┌──

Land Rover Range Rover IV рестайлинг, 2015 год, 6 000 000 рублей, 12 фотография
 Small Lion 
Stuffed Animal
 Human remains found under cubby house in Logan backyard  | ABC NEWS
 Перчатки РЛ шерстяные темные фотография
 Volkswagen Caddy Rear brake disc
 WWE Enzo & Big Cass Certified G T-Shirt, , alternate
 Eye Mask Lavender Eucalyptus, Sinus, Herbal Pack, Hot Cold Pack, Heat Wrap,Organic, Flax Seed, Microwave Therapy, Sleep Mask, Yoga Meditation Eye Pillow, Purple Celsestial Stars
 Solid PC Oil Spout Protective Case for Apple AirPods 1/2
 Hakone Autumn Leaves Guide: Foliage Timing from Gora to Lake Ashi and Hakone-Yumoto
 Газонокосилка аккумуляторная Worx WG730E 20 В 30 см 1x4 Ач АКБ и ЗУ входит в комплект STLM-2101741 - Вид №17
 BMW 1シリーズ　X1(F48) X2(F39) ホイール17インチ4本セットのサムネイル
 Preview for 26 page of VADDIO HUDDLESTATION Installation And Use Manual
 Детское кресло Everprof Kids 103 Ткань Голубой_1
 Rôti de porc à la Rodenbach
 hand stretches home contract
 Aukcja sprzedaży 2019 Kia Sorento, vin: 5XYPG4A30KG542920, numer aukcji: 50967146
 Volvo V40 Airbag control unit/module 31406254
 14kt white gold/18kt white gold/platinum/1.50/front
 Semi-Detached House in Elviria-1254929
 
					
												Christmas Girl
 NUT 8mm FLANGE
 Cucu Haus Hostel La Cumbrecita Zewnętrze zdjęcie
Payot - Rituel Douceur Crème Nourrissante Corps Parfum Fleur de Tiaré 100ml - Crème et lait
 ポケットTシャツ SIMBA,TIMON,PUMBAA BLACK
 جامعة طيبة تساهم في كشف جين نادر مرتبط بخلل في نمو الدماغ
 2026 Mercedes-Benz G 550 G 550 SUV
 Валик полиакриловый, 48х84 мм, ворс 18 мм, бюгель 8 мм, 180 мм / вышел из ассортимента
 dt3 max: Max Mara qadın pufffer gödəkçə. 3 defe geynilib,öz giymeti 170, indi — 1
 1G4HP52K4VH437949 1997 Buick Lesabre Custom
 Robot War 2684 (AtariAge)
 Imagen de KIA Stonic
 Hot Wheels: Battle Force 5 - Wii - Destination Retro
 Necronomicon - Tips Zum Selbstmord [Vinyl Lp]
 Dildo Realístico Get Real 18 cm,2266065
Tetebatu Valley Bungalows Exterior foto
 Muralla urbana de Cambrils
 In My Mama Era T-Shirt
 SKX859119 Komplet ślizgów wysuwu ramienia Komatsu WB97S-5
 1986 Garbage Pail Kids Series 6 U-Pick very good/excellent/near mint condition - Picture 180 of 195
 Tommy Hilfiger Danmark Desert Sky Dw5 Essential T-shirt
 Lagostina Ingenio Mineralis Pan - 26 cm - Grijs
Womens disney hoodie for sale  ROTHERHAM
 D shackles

└──

_What you should do_.
Please set down the entire material above exactly as presented.

_Reply to the task_.
Land Rover Range Rover IV рестайлинг, 2015 год, 6 000 000 рублей, 12 фотография
 Small Lion 
Stuffed Animal
 Human remains found under cubby house in Logan backyard  | ABC NEWS
 Перчатки РЛ шерстяные темные фотография
 Volkswagen Caddy Rear brake disc
 WWE Enzo & Big Cass Certified G T-Shirt, , alternate
 Eye Mask Lavender Eucalyptus, Sinus, Herbal Pack, Hot Cold Pack, Heat Wrap,Organic, Flax Seed, Microwave Therapy, Sleep Mask, Yoga Meditation Eye Pillow, Purple Celsestial Stars
 Solid PC Oil Spout Protective Case for Apple AirPods 1/2
 Hakone Autumn Leaves Guide: Foliage Timing from Gora to Lake Ashi and Hakone-Yumoto
 Газонокосилка аккумуляторная Worx WG730E 20 В 30 см 1x4 Ач АКБ и ЗУ входит в комплект STLM-2101741 - Вид №17
 BMW 1シリーズ　X1(F48) X2(F39) ホイール17インチ4本セットのサムネイル
 Preview for 26 page of VADDIO HUDDLESTATION Installation And Use Manual
 Детское кресло Everprof Kids 103 Ткань Голубой_1
 Rôti de porc à la Rodenbach
 hand stretches home contract
 Aukcja sprzedaży 2019 Kia Sorento, vin: 5XYPG4A30KG542920, numer aukcji: 50967146
 Volvo V40 Airbag control unit/module 31406254
 14kt white gold/18kt white gold/platinum/1.50/front
 Semi-Detached House in Elviria-1254929
 
					
												Christmas Girl
 NUT 8mm FLANGE
 Cucu Haus Hostel La Cumbrecita Zewnętrze zdjęcie
Payot - Rituel Douceur Crème Nourrissante Corps Parfum Fleur de Tiaré 100ml - Crème et lait
 ポケットTシャツ SIMBA,TIMON,PUMBAA BLACK
 جامعة طيبة تساهم في كشف جين نادر مرتبط بخلل في نمو الدماغ
 2026 Mercedes-Benz G 550 G 550 SUV
 Валик полиакриловый, 48х84 мм, ворс 18 мм, бюгель 8 мм, 180 мм / вышел из ассортимента
 dt3 max: Max Mara qadın pufffer gödəkçə. 3 defe geynilib,öz giymeti 170, indi — 1
 1G4HP52K4VH437949 1997 Buick Lesabre Custom
 Robot War 2684 (AtariAge)
 Imagen de KIA Stonic
 Hot Wheels: Battle Force 5 - Wii - Destination Retro
 Necronomicon - Tips Zum Selbstmord [Vinyl Lp]
 Dildo Realístico Get Real 18 cm,2266065
Tetebatu Valley Bungalows Exterior foto
 Muralla urbana de Cambrils
 In My Mama Era T-Shirt
 SKX859119 Komplet ślizgów wysuwu ramienia Komatsu WB97S-5
 1986 Garbage Pail Kids Series 6 U-Pick very good/excellent/near mint condition - Picture 180 of 195
 Tommy Hilfiger Danmark Desert Sky Dw5 Essential T-shirt
 Lagostina Ingenio Mineralis Pan - 26 cm - Grijs
Womens disney hoodie for sale  ROTHERHAM
 D shackles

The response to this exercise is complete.